Kepala Pusat Penerangan Hukum (Kapuspenkum) Kejagung, Ketut Sumedana, di Jakarta, Kamis (14/4), menyampaikan, keempat orang verifikator Kemendag tersebut diperiksa sebagai saksi. Mereka adalah I, EJ, FO, dan S.
“Diperiksa terkait perkara dugaan tindak pidana korupsi dalam pemberian fasilitas ekspor CPO dan turunannya pada bulan Januari 2021 sampai dengan Maret 2022,” ujarnya.
Ketut menyampaikan, tim penyidik memeriksa keempat orang di atas sebagai saksi untuk memperkuat pembuktian dan melengkapi pemberkasan dugaan korupsi ini.

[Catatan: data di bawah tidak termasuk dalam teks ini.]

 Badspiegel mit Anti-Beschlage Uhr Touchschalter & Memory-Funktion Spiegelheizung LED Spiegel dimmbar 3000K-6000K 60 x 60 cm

Kejagung mulai memeriksa saksi-saksi setelah menaikkan status penanganan perkara dugaan tindak pidana korupsi dalam pemberian fasilitas ekspor minyak goreng tahun 2021–2022 ini ke tahap penyidikan.
Kasus ini naik ke penyidikan setelah diterbitkannya Surat Perintah Penyidikan (Sprindik) Direktur Penyidikan Jaksa Agung Muda Tindak Pidana Kuhusu Nomor: Prin-17/F.2/Fd.2/04/2022 tanggal 04 April 2022.
“Sebelumnya telah dilaksanakan kegiatan penyelidikan berdasarkan Surat Perintah Penyelidikan Direktur Penyidikan Jaksa Agung Muda Tindak Pidana Khusus Nomor: Print-13/F.2/Fd.1/03/2022 tanggal 14 Maret 2022,” ujarnya.
Menurutnya, selama penyelidikan telah didapatkan keterangan dari 14 orang saksi dan dokumen atau surat terkait pemberian fasilitas ekspor minyak goreng tahun 2021–2022. Dari hasil kegiatan penyelidikan, maka ditemukan perbuatan melawan hukum, di antaranya dikeluarkannya persetujuan ekspor (PE) kepada eksportir yang seharusnya ditolak izinnya.
Pasalnya, kata Ketut, tidak memenuhi syarat DMO-DPO, antara lain PT Mikie Oleo Nabati Industri (OI) dan PT Karya Indah Alam Sejahtera (IS) tetap mendapatkan persetujuan ekspor (PE) dari Kementerian Perdagangan (Kemendag) RI.
“Kesalahannya adalah tidak memedomani pemenuhan kewajiban distribusi kebutuhan dalam negeri (DMO) sehingga dan harga penjualan didalam negeri (DPO) melanggar batas harga yang ditetapkan pemerintah dengan menjual minyak goreng di atas DPO yang seharusnya di atas Rp10.300,” katanya.
Selanjutnya, disinyalir adanya gratifikasi dalam pemberian izin penerbitan persetujuan ekspor tersebut. Penerbitan Persetujuan Ekspor ini bertentangan dengan hukum dalam kurun waktu 1 Februari sampai dengan 20 Maret 2022 mengakibatkan kemahalan serta kelangkaan minyak goreng sehingga terjadi penurunan konsumsi rumah tangga dan industri kecil yang menggunakan minyak goreng.